Here are ten ways it’s new and improved.

  1. The novel no longer serves as an introduction to three other volumes but stands fully on its own in a more timeless Gotham.
  2. The central character is now identified as Kenzie, in line with the other novels in my Freakin’ Free Spirits cycle. Gone are the Duma Luma and later D.L. monikers. He’s more grounded than they were.
  3. The action is now built on a clear chronology that runs parallel to his ongoing life to the north. For that, you can read Pit-a-Pat High Jinks.
  4. He now has monthly opportunities to visit the Big Apple and ride its rails, thanks to a floating three-day weekend off from his job. This gives more plausibility to his familiarity with the city while living hours to the north. He is young and ready for adventure, after all.
  5. With his Tibetan guru living in Manhattan’s SoHo district, Kenzie’s Buddhist studies now run through much of the story. His sessions there become his principal motivation for the monthly visits.
  6. The story is now anchored by a set of regular characters, beginning with his guru and Buddha buddies like Holly and Wilson before expanding in the second half with the wild tagger T-Rex.
  7. As one reader said of the earlier version, “I really dig that chick Holly.” Now there’s a lot more of her. (And Wilson and T-Rex are altogether new.)
  8. The language is tighter; the sentences, more staccato, befitting the grimy trains and their stations.
  9. The funky sweet surrealism of the original tale now floats over the substance of an inescapably malodorous substratum. There’s nothing bland and disinfected in this gritty demimonde of endless night where Kenzie encounters the most remarkable souls and visions.
  10. These events are now seen in a historical perspective, thanks to the unseen presence of Kenzie’s daughter Cassia while I was revising the tale. Credit her for the snippier tone, too.
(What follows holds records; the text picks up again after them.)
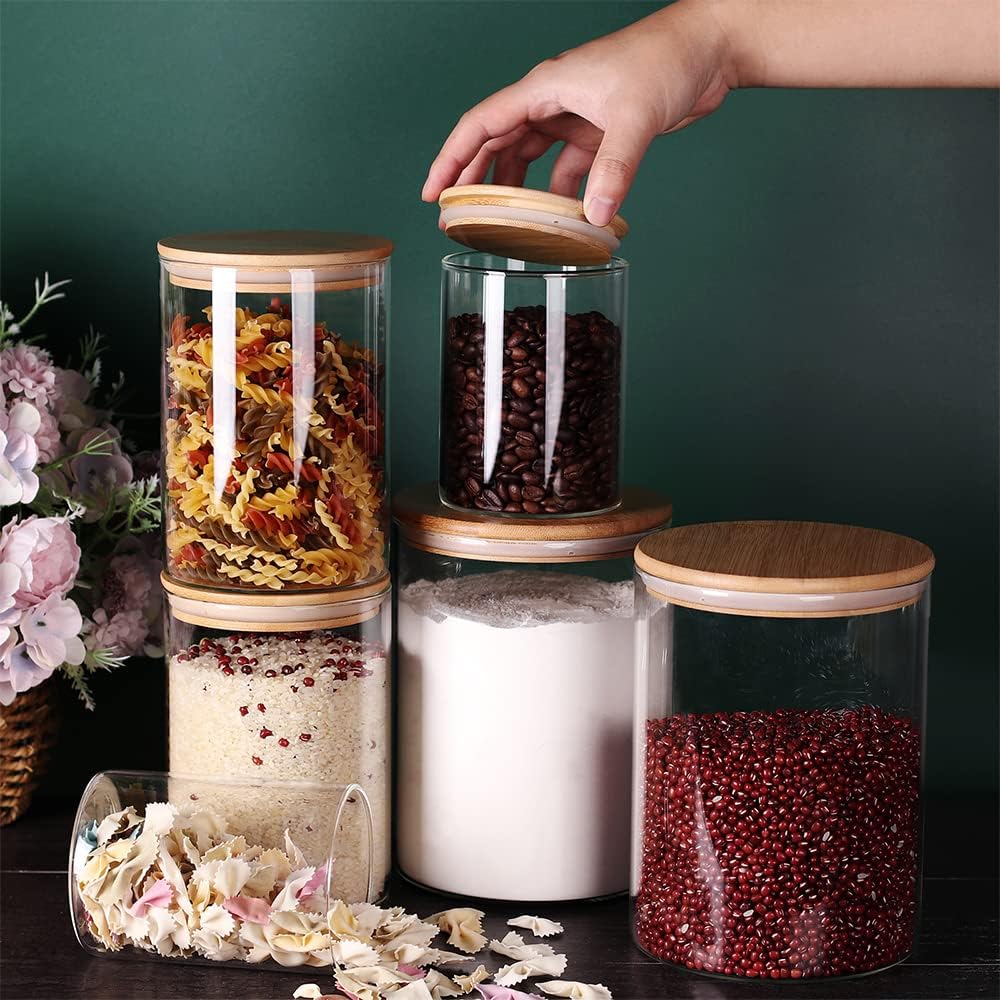 Glass flour Jars with Airtight Lids, 6 Pack Sugar and Flour Salt Containers Set, Extra Large Glass Rice Jar with Bamboo lid for Kitchen, Brown Suger, Beans, Groub Coffee (100OZ/54OZ/27OZ)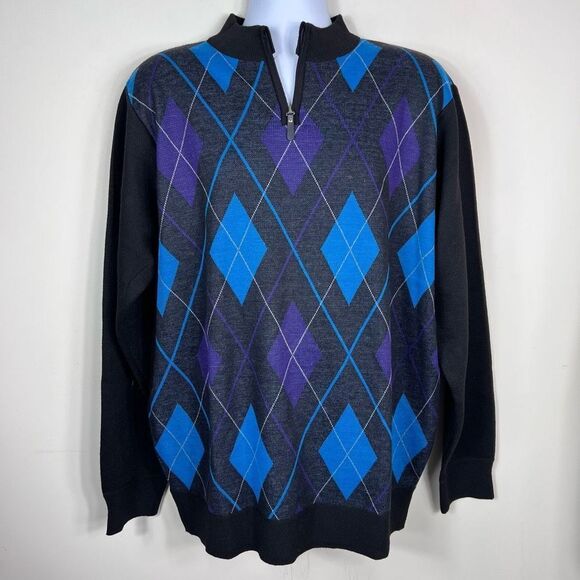 American Legend Outfitters Half Zip Argyle Sweater - Picture 1 of 10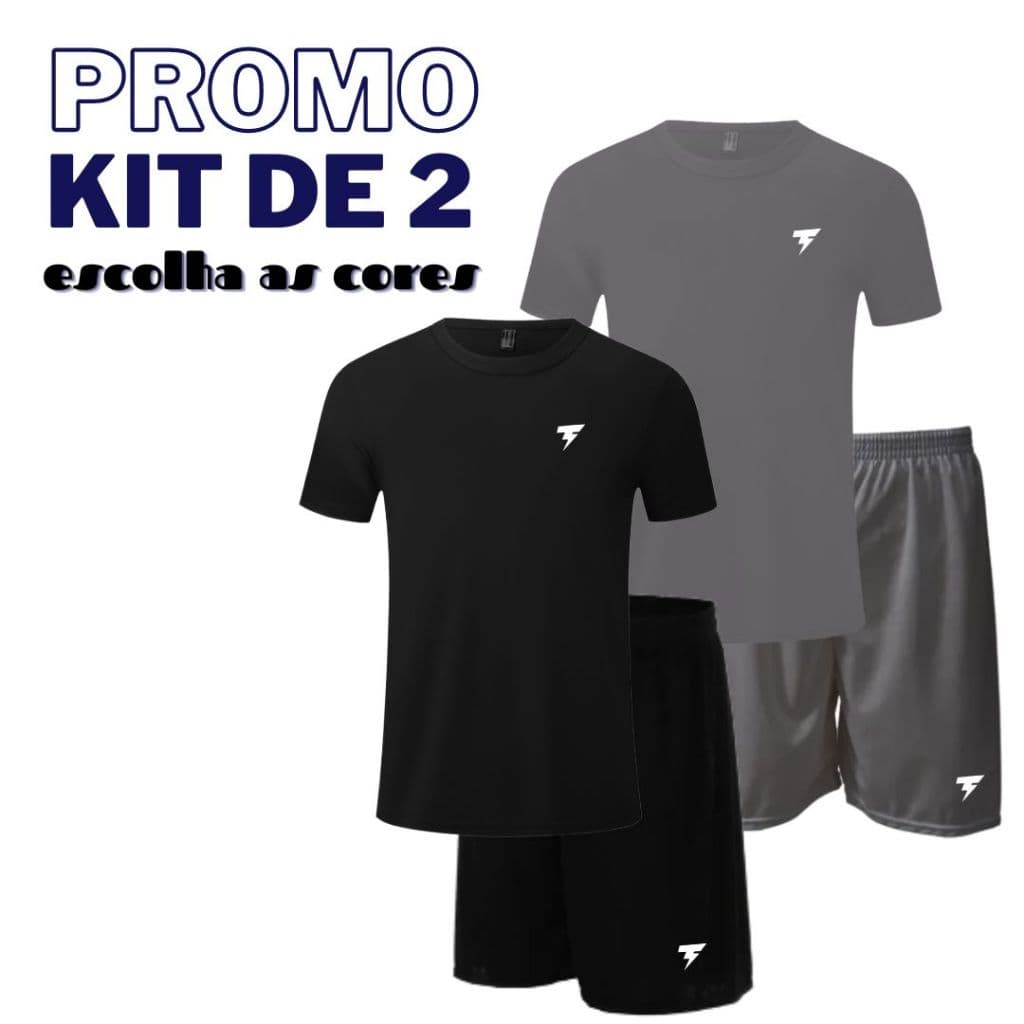 kit 2 Camisas e 2 Shorts de Academia Corrida Futebol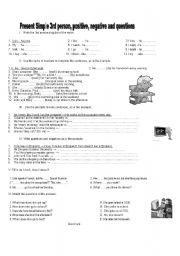 English Worksheet: Present Simple: positive, negative and questions for 3rd person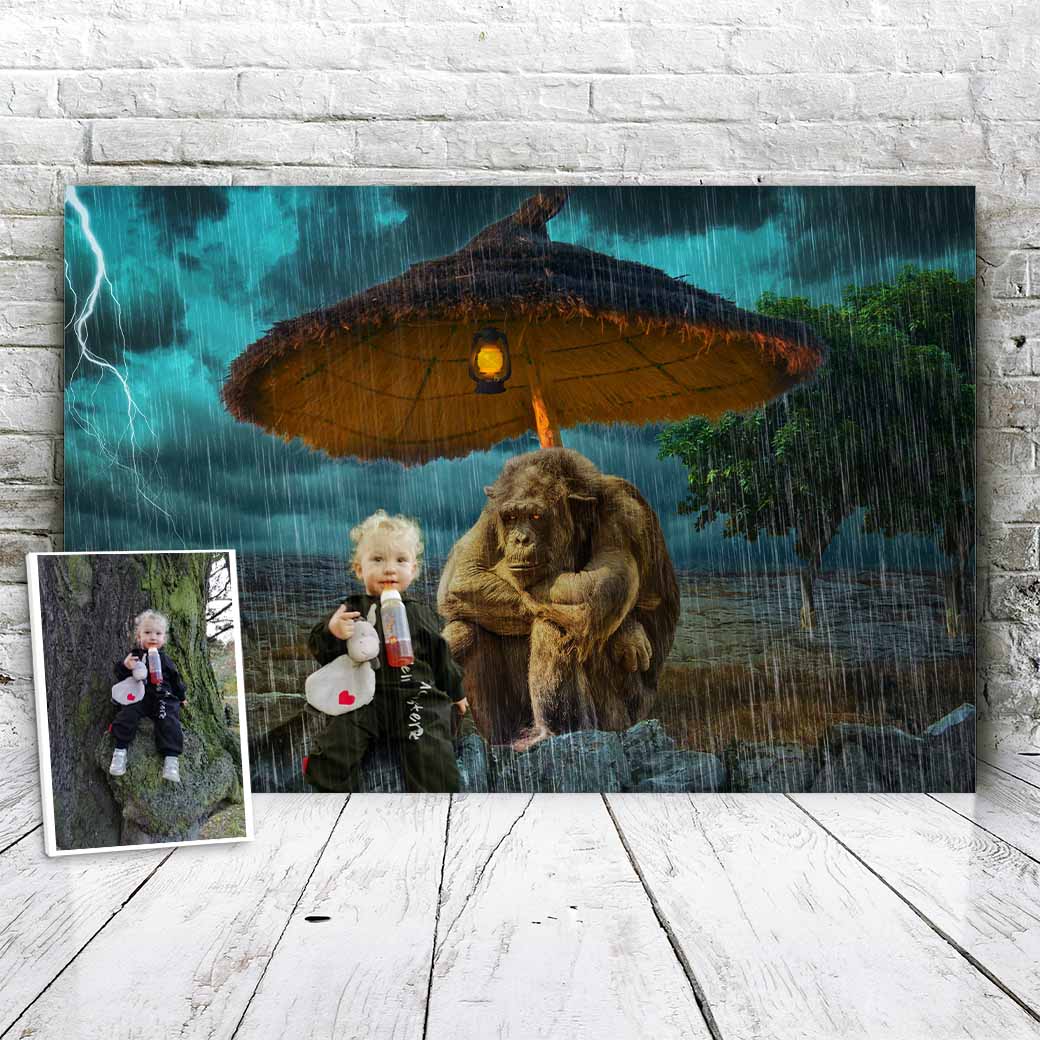 Aap in de regen - Unieke Foto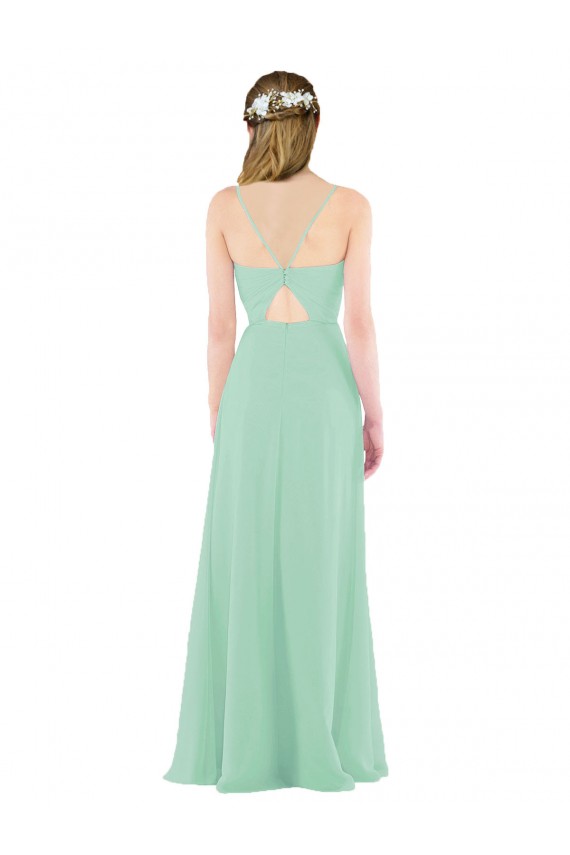 Desconto Verde Menta Bainha Decote V Sem Mangas Comprimento Chão Vestidos de Madrinha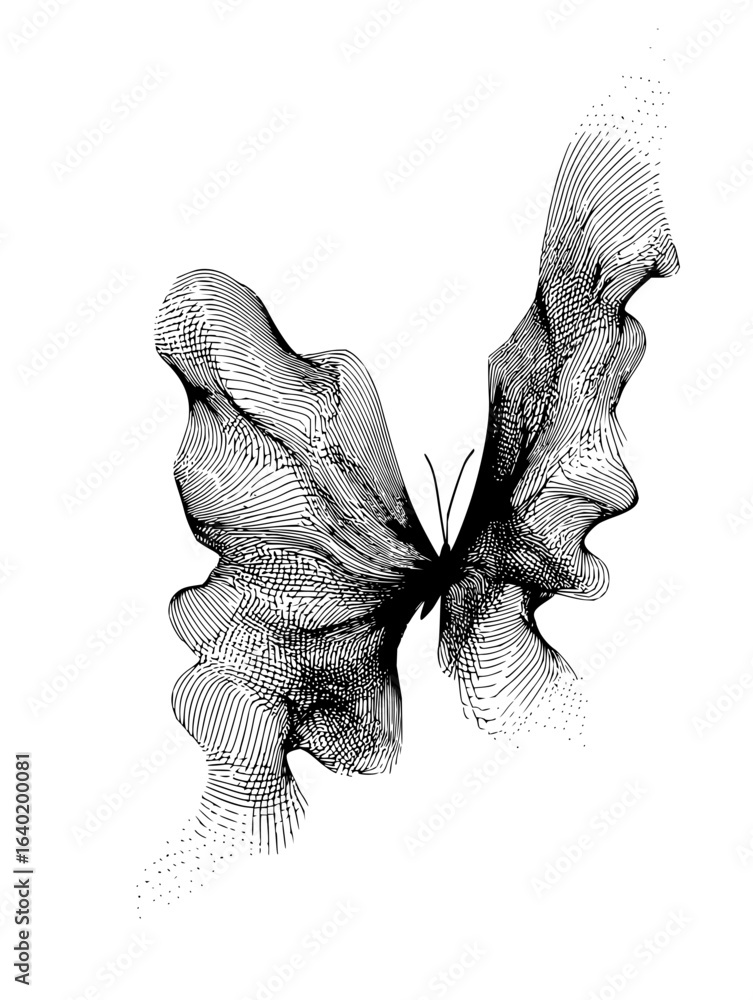 Poster abstract line art butterfly vector illustration for design and decoration, perfect for prints and we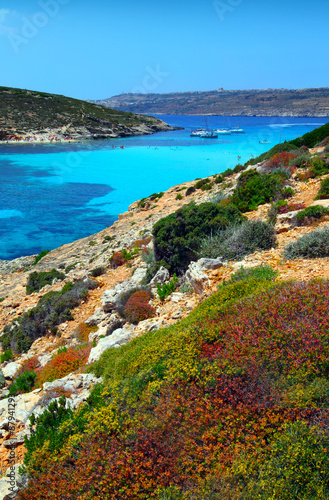 Blue lagoon in Malta on the island of Comino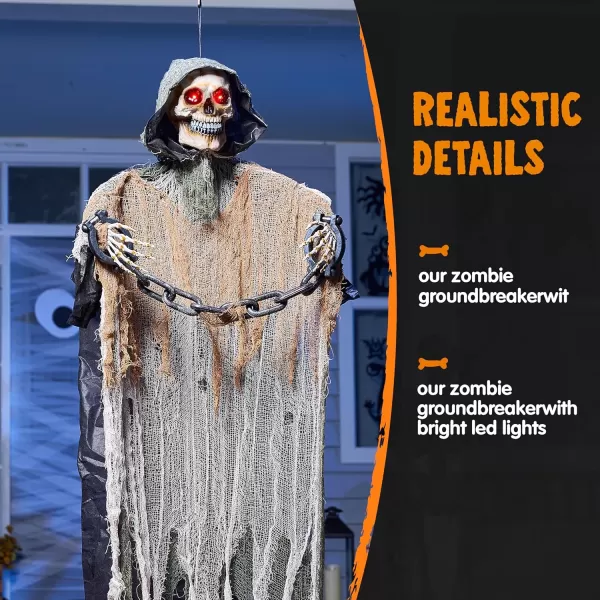 JOYIN 67 Halloween Animatronics Decorations Outdoor Hanging Grim Reaper Animated Hanging Skeleton Ghost with Chain ampamp Lighted Eyes ampamp Sound Activated ampamp Shoulder Swing for Yard Prop Lawn Decoration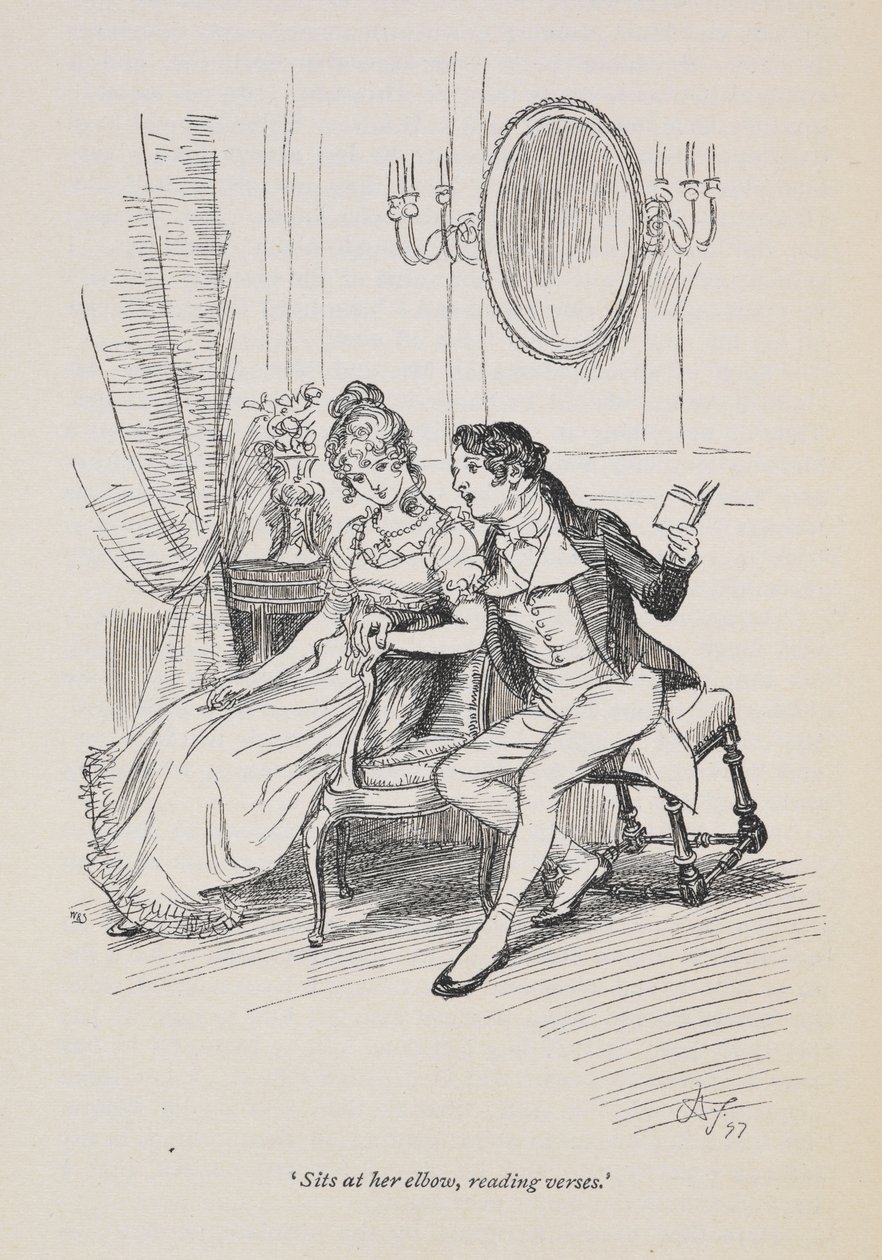 "Dirseğinde oturur, mısralar okur"., Jane Austen's Persuasion by Hugh Thomson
Be among the first to read my newest novel.

About that floating three-day weekend

In giving Kenzie that three-day weekend once every four weeks in the new novel Pit-a-Pat High Jinks, I was leaning on a work schedule I had on a newspaper out in Ohio. I sure wish I had it when I was living Upstate New York and assigned to a typical split week like his in the story. It was brutal.

Of course, in this round of revision, I was looking ahead to his experiences in my new Subway Visions. He would now have a chunk of time to head off to the Big Apple and return home.

As I reflect on my own forays into the city and its mass-transit tunnels, I think I made as many trips during my time in Ohio as I had in a similar period when I was living only four or five hours away from the metropolis. In other words, Kenzie gets in a lot more time on the underground tracks than I ever had.

Living an hour north of Boston, as I do now, I can admit to spending far more time on its subway system that I had in New York’s. And I’ve also relied on the systems of Philadelphia, Chicago, and Washington in the years since I drafted the original Subway Hitchhikers.

Have you ever had a special twist in a work schedule that had an impact like this?   

Starting with death

My new novel, What’s Left, opens with her being taken out of her classroom and being told of the death of her father. Well, there’s still a thread of hope, since his body had not been recovered from the avalanche. But the finality weighs in.

What’s an 11-year-old to make of this? She’s been raised in two traditions, each one differing from the mainstream around her.

It’s not the only death in the novel. There’s the tragic collision that kills her grandparents and creates the opening for her father to marry into the family – they no doubt would have thwarted that development. And there are the other ancestors gone by the time Cassia appears on the scene, as well as two uncles who die when she’s too young to understand. But the questions remain.

Some of my favorite answers arise in the 14th chapter. But please remember: no fair peeking ahead.

~*~

The subject of death is difficult enough for adults. For children it’s all the more baffling, once they push past the notion of sleeping but not waking.

What’s the earliest funeral you remember? What were you told? What would you say to others?

~*~

The Athens restaurant in downtown Manchester, New Hampshire, is a longstanding tradition. Cassia’s family could have followed in its footsteps but chose a different route.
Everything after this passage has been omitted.